[Opening Provided material section]
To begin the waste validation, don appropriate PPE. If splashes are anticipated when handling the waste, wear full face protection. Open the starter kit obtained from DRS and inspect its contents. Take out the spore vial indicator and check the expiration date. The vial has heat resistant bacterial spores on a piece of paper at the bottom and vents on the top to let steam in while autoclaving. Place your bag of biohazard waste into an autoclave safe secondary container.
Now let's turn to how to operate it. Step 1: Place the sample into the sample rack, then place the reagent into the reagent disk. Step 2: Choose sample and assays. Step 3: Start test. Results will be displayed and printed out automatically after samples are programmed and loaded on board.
[Closing Provided material section]
[Opening Provided material section]
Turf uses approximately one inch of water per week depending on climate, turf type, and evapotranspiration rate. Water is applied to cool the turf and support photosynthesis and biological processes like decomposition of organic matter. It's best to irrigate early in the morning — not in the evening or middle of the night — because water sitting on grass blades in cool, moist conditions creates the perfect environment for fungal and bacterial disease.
[Closing Provided material section]
[Opening Provided material section]
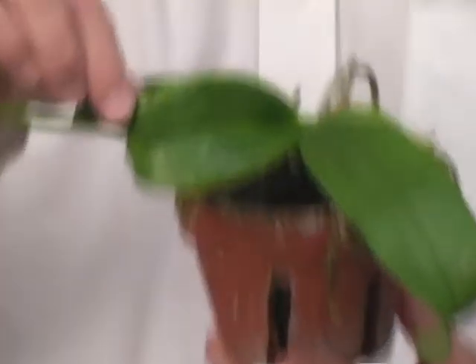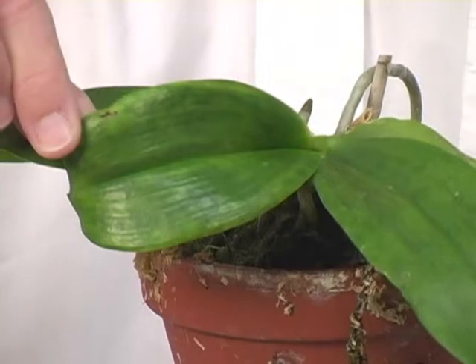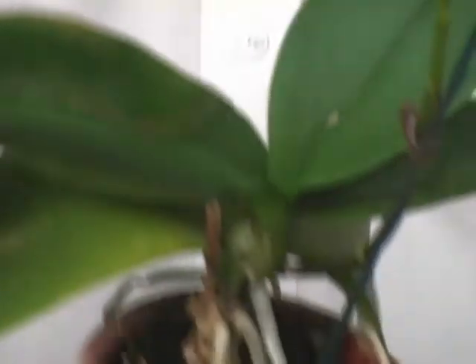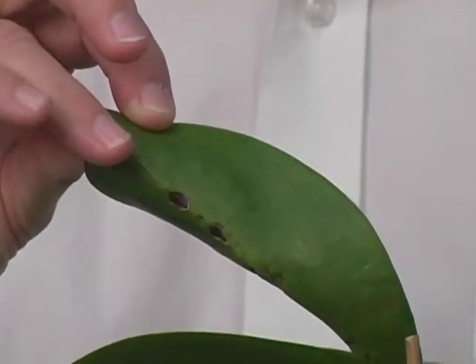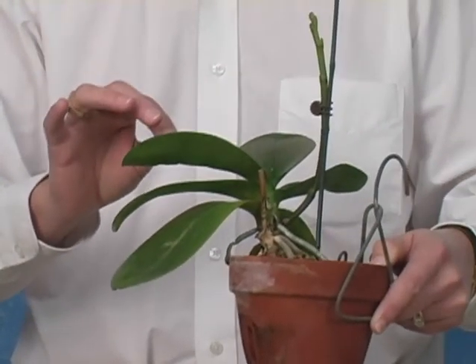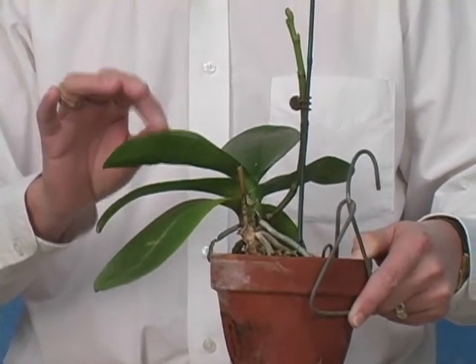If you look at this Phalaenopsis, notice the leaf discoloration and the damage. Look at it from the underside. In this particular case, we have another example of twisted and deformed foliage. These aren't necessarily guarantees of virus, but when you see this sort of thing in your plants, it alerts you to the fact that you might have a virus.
[Closing Provided material section]
How to complete this task: Scan the data above, find each line with "bacterial", and copy it.

Output of the exercise:
To begin the waste validation, don appropriate PPE. If splashes are anticipated when handling the waste, wear full face protection. Open the starter kit obtained from DRS and inspect its contents. Take out the spore vial indicator and check the expiration date. The vial has heat resistant bacterial spores on a piece of paper at the bottom and vents on the top to let steam in while autoclaving. Place your bag of biohazard waste into an autoclave safe secondary container.
Turf uses approximately one inch of water per week depending on climate, turf type, and evapotranspiration rate. Water is applied to cool the turf and support photosynthesis and biological processes like decomposition of organic matter. It's best to irrigate early in the morning — not in the evening or middle of the night — because water sitting on grass blades in cool, moist conditions creates the perfect environment for fungal and bacterial disease.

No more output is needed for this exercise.